Track your work with tasks
Create tasks linked to a request or bid, assign them to teammates, set due dates, filter by what is overdue or due today, and mark work complete, so nothing in your sourcing slips.
What you'll learn
- Create a task and link it to a request or bid
- Assign it to a teammate and set a due date
- Filter by overdue, due today, or upcoming, and mark work done
Sourcing is full of small commitments that are easy to lose. Call the supplier back about lead times. Chase the missing document before the deadline. Review the three bids that came in overnight. Remind a teammate to approve the award. None of these is hard on its own, but spread across a dozen open requests and a shared mailbox, the one that slips is always the one that mattered.
Tasks give you a single place to capture that work and tie it to the request or bid it belongs to. You can assign a task to a teammate, give it a due date, and then see at a glance what is overdue, what is due today, and what is coming up. When the work is done, you mark it complete, and the record stays attached to the request so anyone reviewing later can see what happened.
Why this matters
A request that stalls rarely fails because of a big problem. It fails because a small follow-up fell through the gap between people. Linking tasks to the request or bid they belong to closes that gap: the next person who opens the request sees what is outstanding, who owns it, and when it is due, instead of relying on someone's memory or a buried email.
What a task can carry
Every task has a title and a due date. Beyond that, you can give it three things that make it useful in a busy team:
| Add this | So that |
|---|---|
| A link to a request or bid | The task shows up in context, and a teammate can jump straight to the request or bid it concerns. |
| An assignee | A specific teammate owns it, and it appears in their view of the work. |
| A type (call, meeting, email, review, deadline, and more) | Each task reads at a glance, so a call stands out from a document review. |
Due dates are date-only: a task is due on a calendar day, not at a specific time. This keeps "due today" reading the same for everyone on your team, wherever they are.
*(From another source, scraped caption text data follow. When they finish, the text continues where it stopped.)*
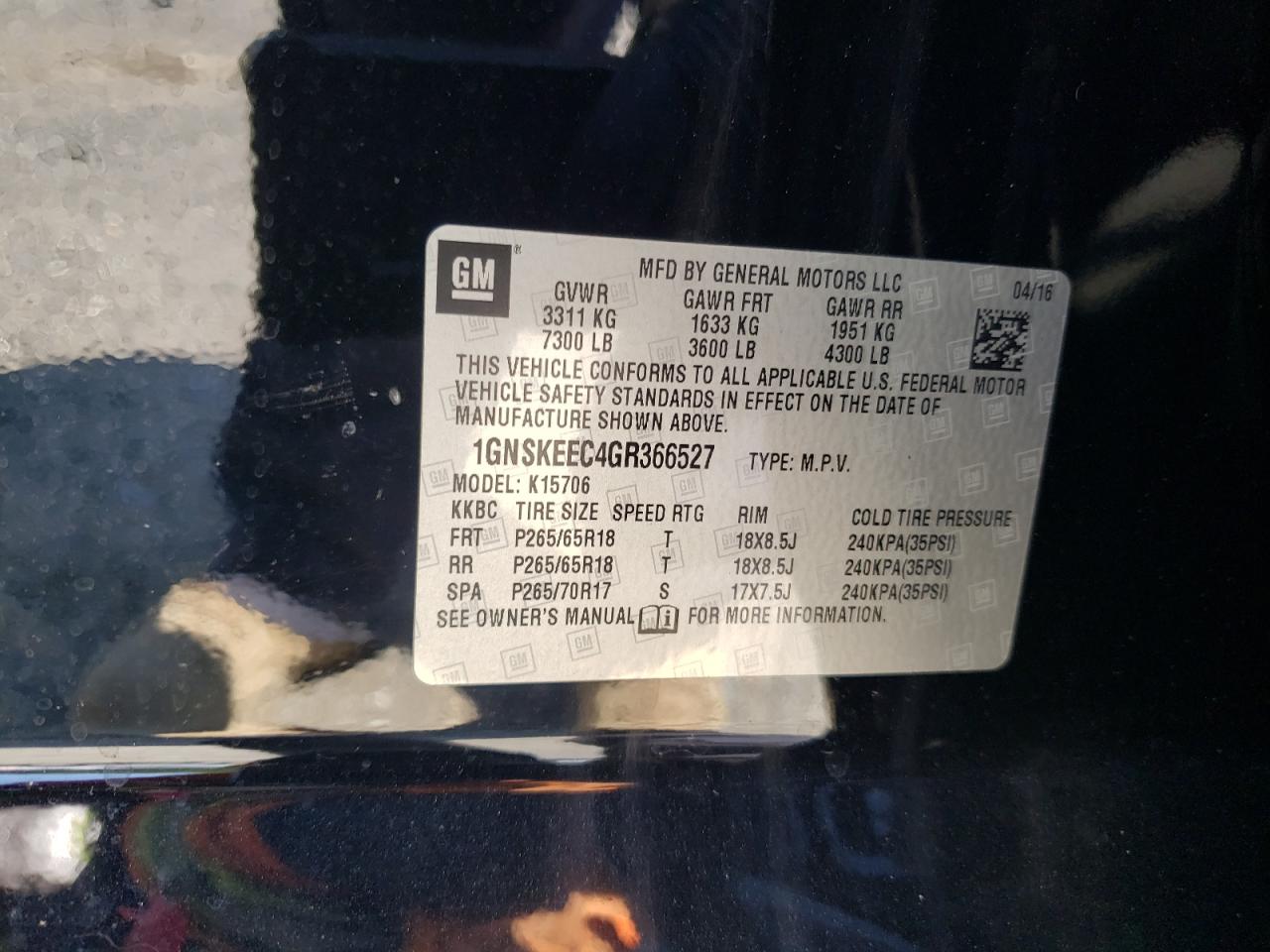 1GNSKEEC4GR366527 CHEVROLET TAHOE 2016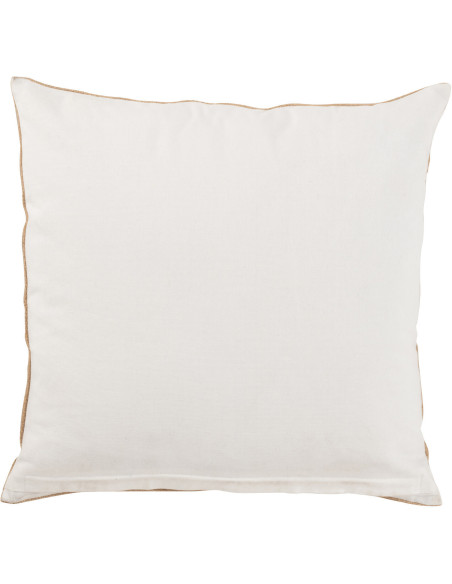 Coussin Carré Krombe 45x45 en Jute Beige Blanc Motif éléphant - 3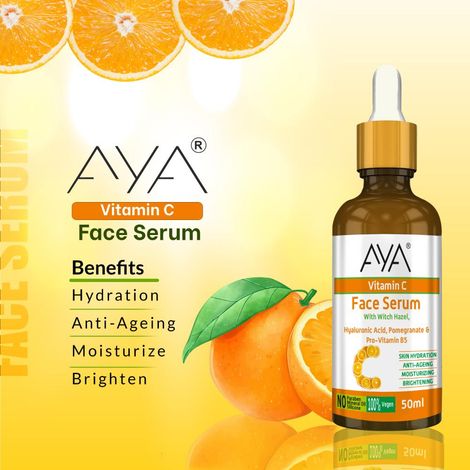 AYA Vitamin C Face Serum (50 ml) | For Skin Hydration, Anti-Ageing, Moisturizing and Brightening | No Paraben, No Silicone, No Mineral Oil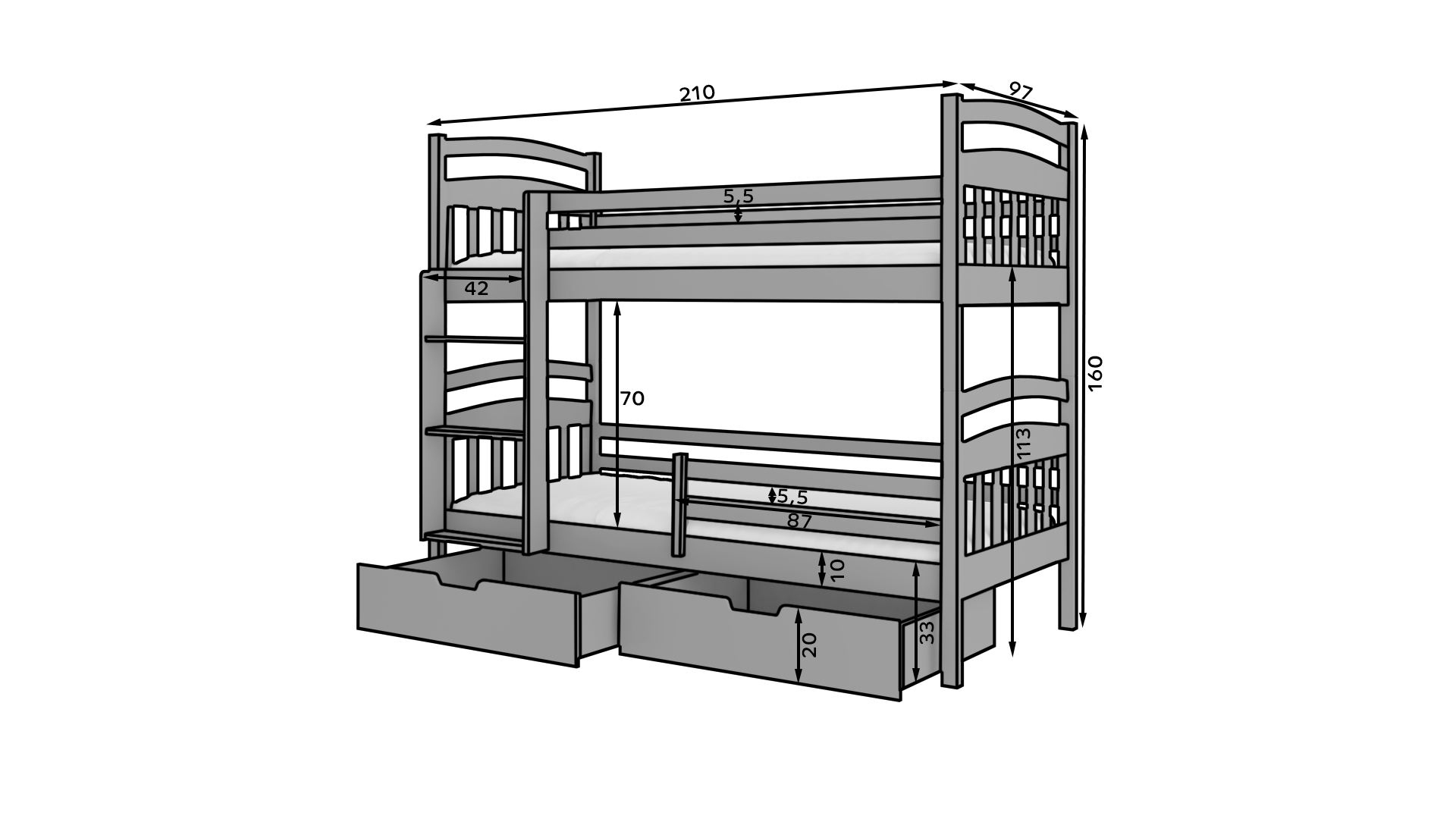 Kétszemélyes emeletes ágy ADA - Image 3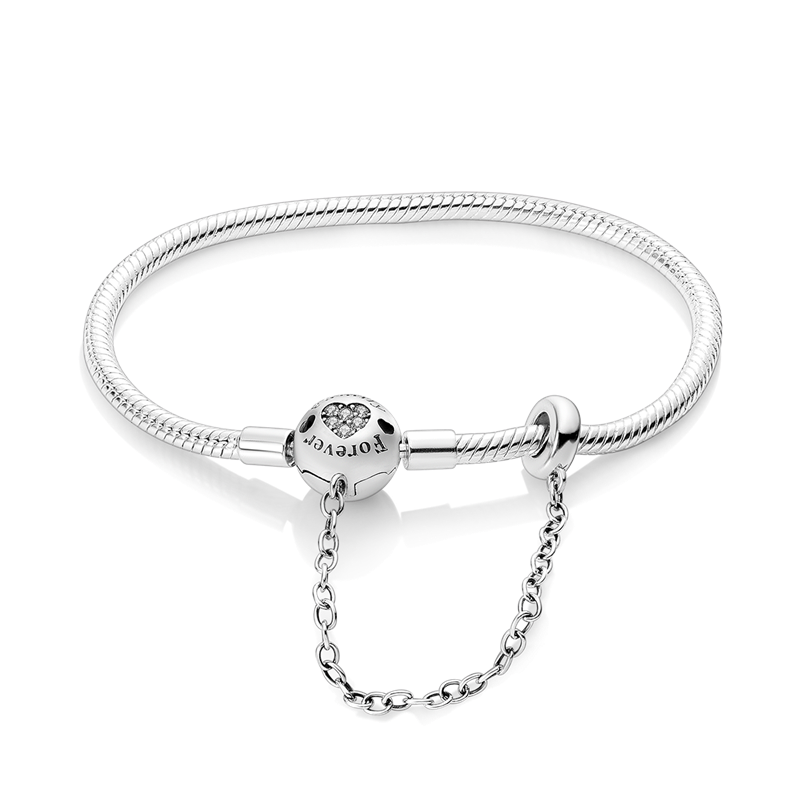 Forever Love Heart Clasp Snake Chain Bracelet with Safety Chain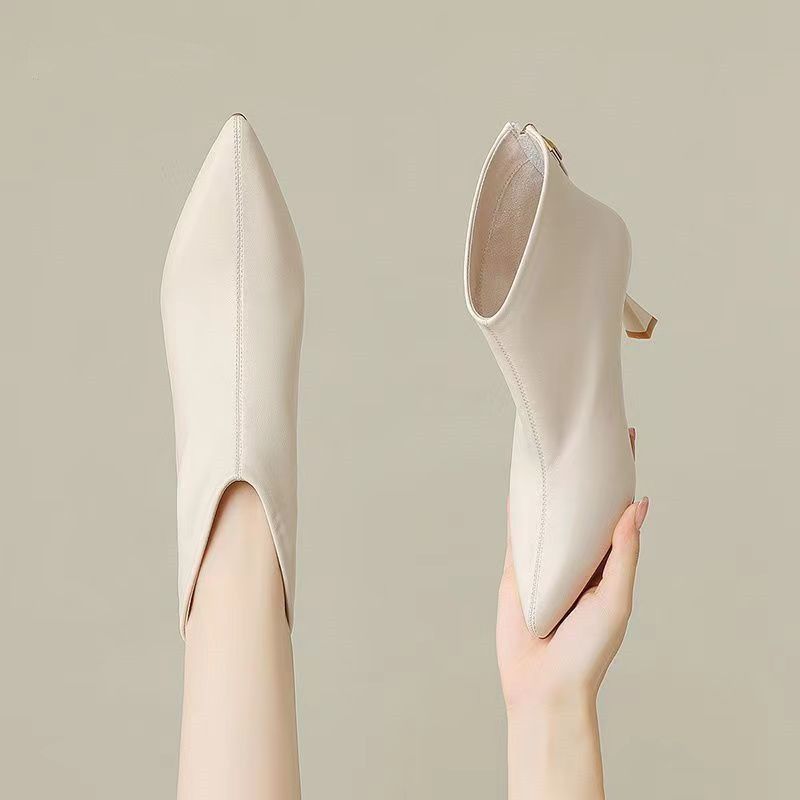 Northern Wolf White Short Boots for Women, High Heels, 2026 Autumn and Winter New Style, Fleece-Lined, Stiletto Heel, Elegant Ankle Boots, Pointed Toe, Stretchy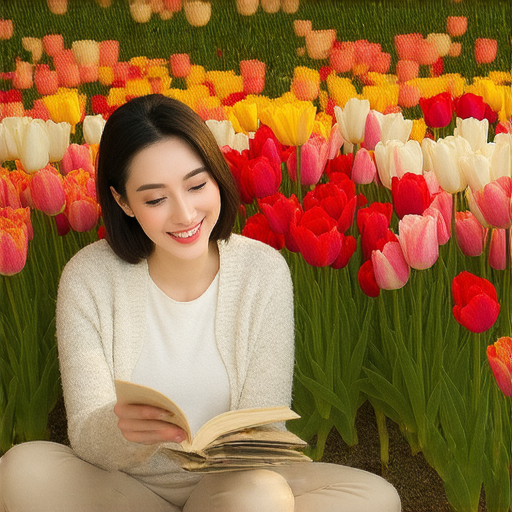 鬱金香背景的外籍老師與學生進行一對一英語學習，展現語言之美，培養語言能力，體驗多元文化的愉悅瞬間，提升英文交流技巧，豐富學習經歷。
Creating and organising your tasks
Create a task and link it to your work
Go to Tasks in the sidebar and select New activity. Give it a title and a due date. To tie it to your sourcing, search for a request or bid in the Linked to field, then pick a Type and assign it to a teammate. Add a note if there is context worth capturing.
Once a task is linked, opening it lets you jump straight to that request or bid, so the work and the thing it concerns are always one click apart.
See what needs attention first
The top of the page shows four numbers: open, overdue, due today, and done. The tabs below let you focus on exactly one of those slices. Open Overdue at the start of the day to clear what has slipped, then Due today to plan what is next.
Use the My activities only toggle to switch between your own tasks and everything across the team. Search by keyword, sort by due date or any other column, and page through longer lists.
Mark work done, or reopen it
When a task is finished, use Mark complete from its menu. You can add a completion note describing what happened, which stays attached to the task as a record. Need to clear something that no longer applies without completing it? Use Dismiss. If you ever need a completed or dismissed task back, Reopen returns it to your open list.
To close out several at once, select multiple tasks and mark them complete together, with an optional shared note.
A task in context
Scenario
A supplier's bid is missing its delivery terms, and bidding closes in three days. You create a task, "Ask Orion Steel to confirm delivery terms", link it to that bid, set the due date to tomorrow, and assign it to the colleague who owns the request. It shows up in their Due today view, they open it, jump straight to the bid, and message the supplier. When the terms come back, they mark it complete with a note. The whole exchange is now part of the record on that request, not lost in a one-to-one chat.
What good looks like
Teams that stay on top of their sourcing tend to use tasks the same way:
- Every follow-up that matters becomes a task with a due date, instead of living in someone's head.
- Tasks are linked to the request or bid they concern, so context travels with the work and the next person is never guessing.
- Work is assigned to a person, not left ownerless. An unassigned task is everyone's job, which means it is no one's.
- The day starts on the Overdue and Due today tabs, so nothing ages quietly past its deadline.
- Completed tasks carry a short note, so the record explains not just that something was done, but what the outcome was.